I am sitting our lounge in front of the fire; the flatties have mentioned something about it’s being ‘too warm’ in here but I have had—wearing yoga pants, two long-sleeved shirts, a pink fur-lined hoodie, and pink fur-lined slipper boots—to disabuse them of the notion that there can ever be such a thing as ‘too warm.’ One of them came back with experiences involving being too warm in both Mexico and Singapore, but I didn’t really pay attention because I was busy daydreaming about a time when I might again not have to wear multiple layers of clothes inside a building. Winter’s here, definitely, absolutely, unavoidably, and all I can think about it bundling up and hunkering down.
This is my fourth Wellington winter. They’re all the same, I guess: too wet and too windy and too long and too much. Winters everywhere always are, I guess, and I know I should be used to it by now, but I’ve fallen right back into complaining twenty-four hours a day about how cold I am and being unable to talk about nothing else other than electric blankets and merino sweaters and double-glazing and thick blankets and mugs of hot soup.

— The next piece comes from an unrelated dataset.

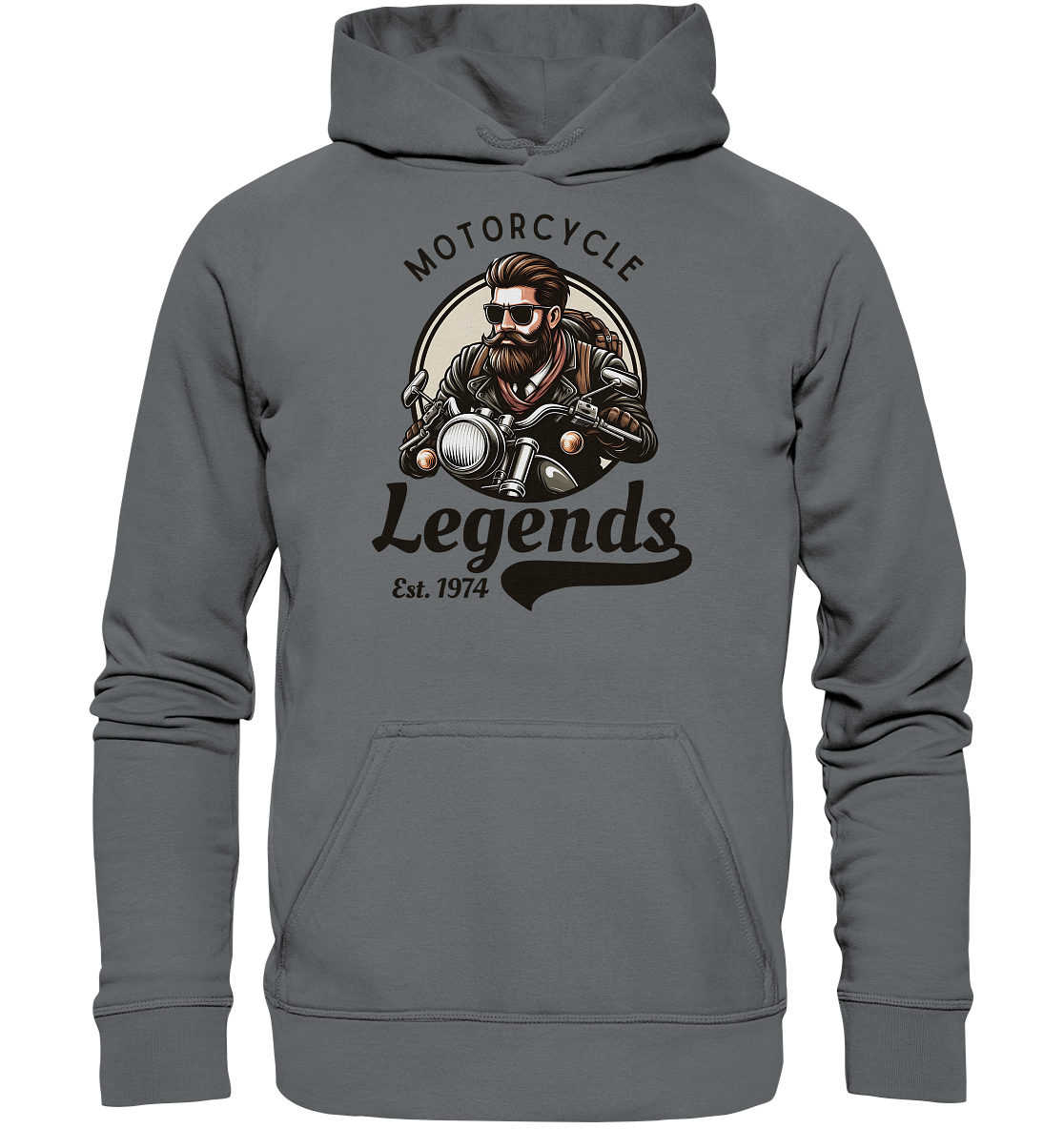 Motorcycle Legends - dunkle Schrift - Basic Unisex Hoodie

My Facebook status updates are concerned with no other topic, and it’s only June; it’s months and months to go before my skin goes back to its real color and we transition from day tonight via the smooth mellow of evening.
Everyone hibernates this time of year, I guess, everyone puts on an extra insulating kilo or two. I’ve been super social the last couple of months, booking out a minimum of two weekends in advance, but all of a sudden the clouds have dropped down and the hail has pattered against the window and all I can think about is trying to stay warm and cosy and comfortable. I don’t want anything new or difficult or strange, I just want to wrap myself up and sink down into the flannel sheets amongst the hot water bottles, listening and watching and reading all my old loves, my sure and certain distractions. The friends are so friendly and the parties are so fun, but I find myself sighing, a little, as I look up the bus schedule and pull on my gloves. I think of tea and bickies and pajamas in the middle of salsa dancing. Even my mind and heart are shrinking down, shivering, under my huddled shoulders and above my pulled-up knees, staying out from under the weather and closing in from the outside. I put another log on the fire and sip my tea, regulating my internal temperature, trying to stay warm.